Photos Below L - R: Nancy's horns come out at a French market over a tasty pastry; street artist chalking Madonna & child in London or Paris??; a Cotswold butcher; at least a century-old Frenchman in his blue 'boiler suit' on bicycle with leather panniers.
Thursday, May 3, 2007
I'll Be Missing Moab
I got an email the other day from some good friends from Montana who spend six months a year in New Zealand. They're at the end of their southern hemisphere trip this year, and beginning their "departure check list" as they put it. I've been working on mine for months now; but they've been living dual-continent for 10 years so they've got it down to a science.
As we put the finishing touches on those last "To Do" lists, I thought I'd post some photos of our little compound in Moab. That way, when I get homesick, I can just look at the blog. Brilliant!
Above is what we've dubbed the "Shaqteau" or Moab French for the little guest bedroom, our most recent and (we swear to god) last building on the property. Rumor has it that it's comfy, so when any of you come to visit it's all yours.
The yellow 2-story shingled 'cottage' house is our current living space. We originally planned it to be an apartment over a garage/workshop, and it evolved into all living space since we've never used a garage to park a car. We lived in the old house (on the left) during construction, then began renovation on what we now call Mr. O's Place, a nightly/weekly guest rental.

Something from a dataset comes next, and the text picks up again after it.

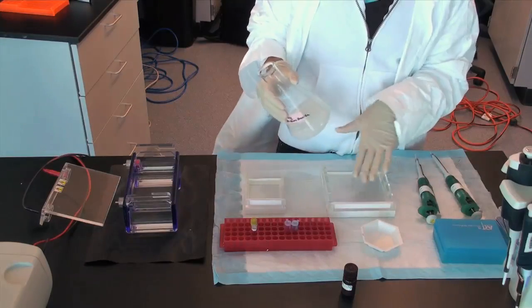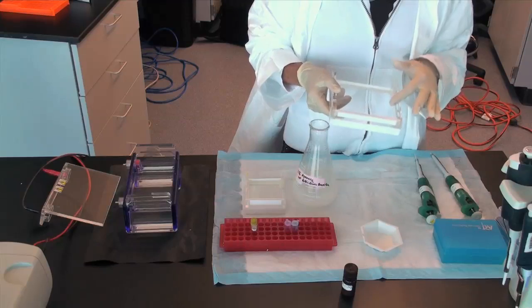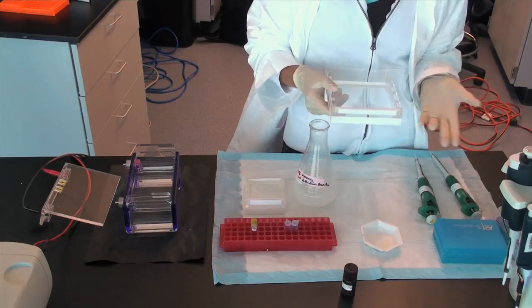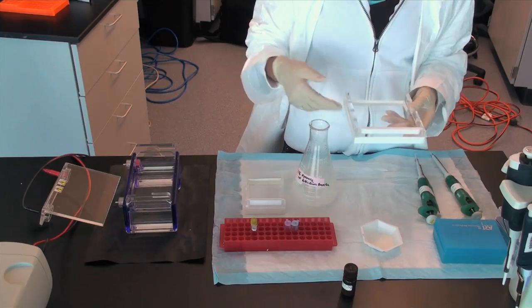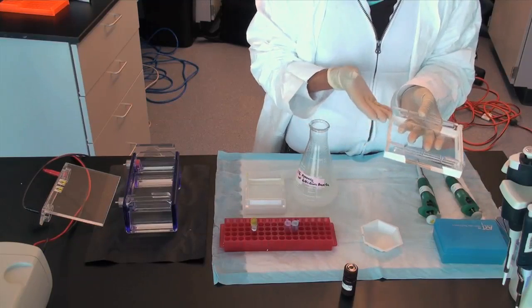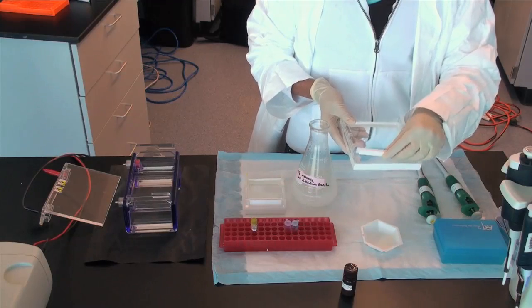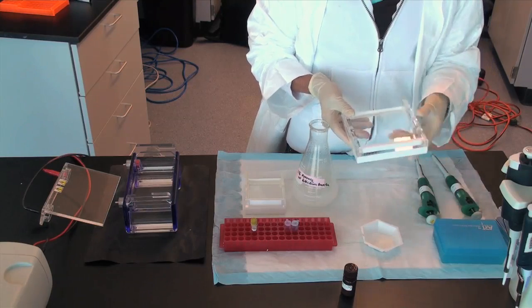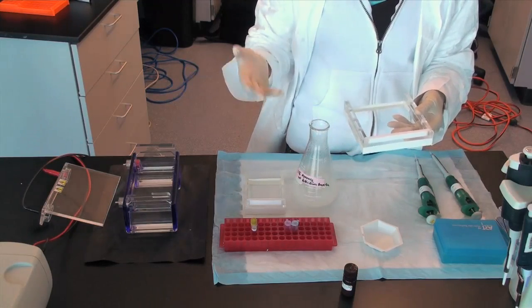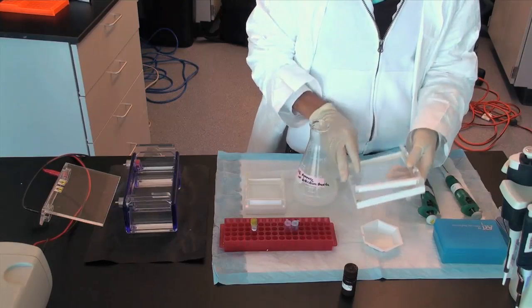Pour the liquid gel into the casting tray. The liquid should not be too hot when poured or it will crack the casting tray. However, it should not be so cool that the agarose and buffer start to solidify. The casting tray should be appropriately sealed with tape or rubber and a comb placed into grooves of the tray in order to load DNA. The size of the comb depends on the number of samples and the volume of DNA you are interested in loading.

When we bought the property four years ago, there was hardly a blade of vegetation on site except for two aging cottonwoods and a juniper. One of these days I threaten to count how many native plants I have actually put in the ground. Educating ourselves about xeriscaping and drip irrigation is a continuous learning process. The payoff, however, is nurturing a little secret oasis that is drought-tolerant and water-wise. Oops, except for the aspen, that is---we had to have a little piece of Montana.
Tuesday, May 1, 2007
Reader Photo Submissions
Oh so sadly must I admit that this deck, just waiting for wine, olives and relaxing bodies, is not attached to #14 Rue du Four in Leran. Luckily it will only be across the street at Alan and Eileen's, so I think I can carry my wine and olives that far. Thanks for emailing the pics and making me beyond jealous.
The other three photos are courtesy of old friends from Montana who used to live around the corner. Judy and Ron ran the Torch and Toes Bed & Breakfast(truth be known, Judy
did all the work; Ron did all the bullshitting) . However, Ron's other life as an architecture prof came in handy as it provided them with some interesting world travels.
Click on the photos to enlarge. Email commentary from Judy states that the "P" Parking + "No Car Farting" sign is on the street in Yarisloval Russia. I guess the Czechs in Prague aren't well acquainted enough with toilet paper, so they must have an illustrated user manual included on the packaging. And the sign welcoming visitors to the Moscow city park lists just a few activities that aren't allowed: biking, walking dogs, picking leaves, sunbathing, swimming, fishing, walking on the grass, drinking vodka (WHAT???), starting fires, driving through the park, picking flowers. Judy didn't say if there were more symbols on the reverse side.
Reader comments and photo submissions are always welcome.